### Supplied material
○ ○ ○

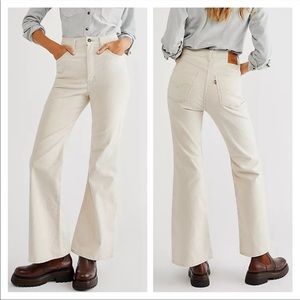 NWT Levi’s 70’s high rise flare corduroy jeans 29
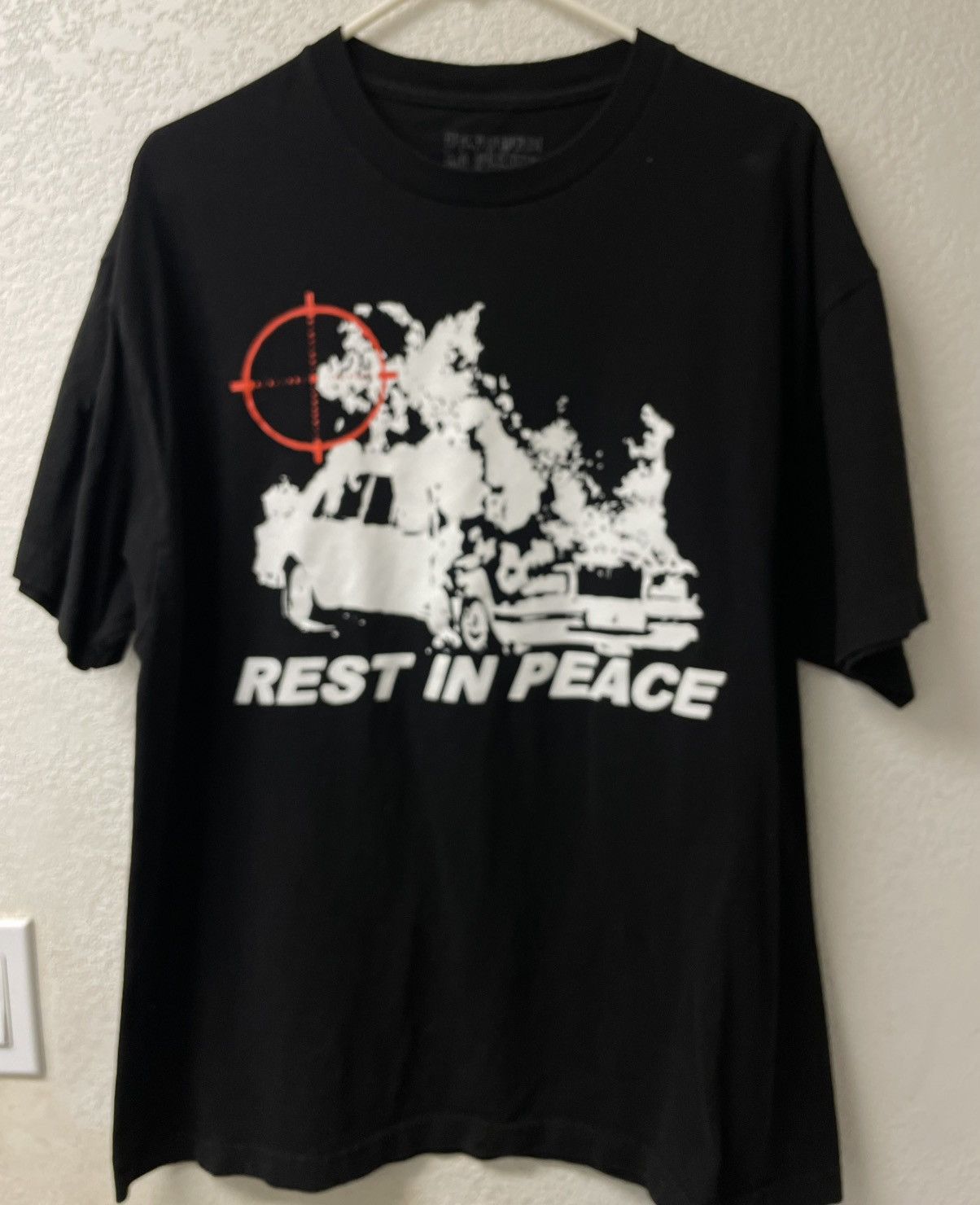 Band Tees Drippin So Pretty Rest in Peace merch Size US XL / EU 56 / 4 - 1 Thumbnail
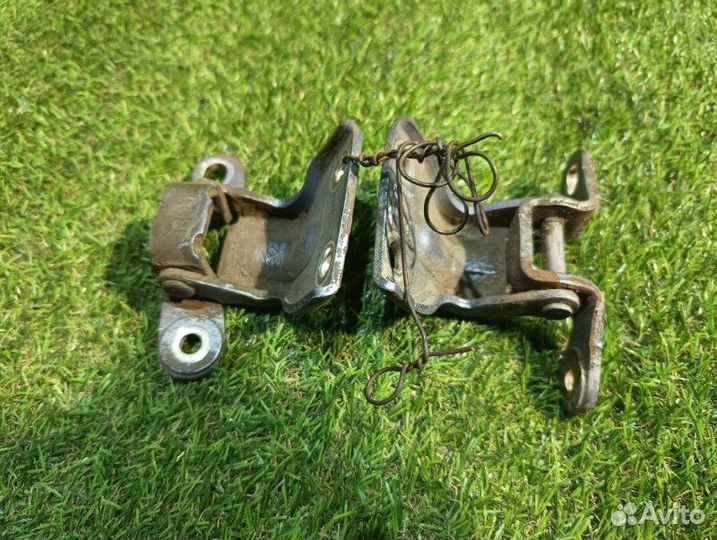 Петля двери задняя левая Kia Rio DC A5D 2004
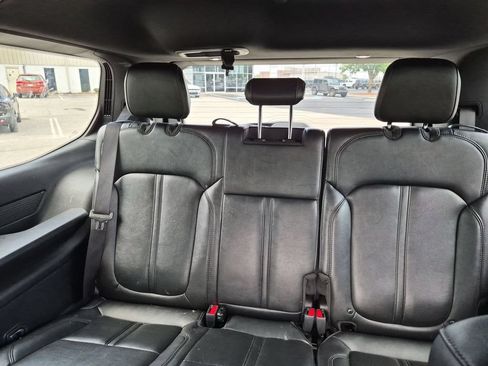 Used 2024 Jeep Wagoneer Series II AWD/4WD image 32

○ ○ ○

### Activity
Reprint the listing above verbatim but drop the images.

### Solution to this exercise
 NWT Levi’s 70’s high rise flare corduroy jeans 29
 Band Tees Drippin So Pretty Rest in Peace merch Size US XL / EU 56 / 4 - 1 Thumbnail
 Петля двери задняя левая Kia Rio DC A5D 2004
 Used 2024 Jeep Wagoneer Series II AWD/4WD image 32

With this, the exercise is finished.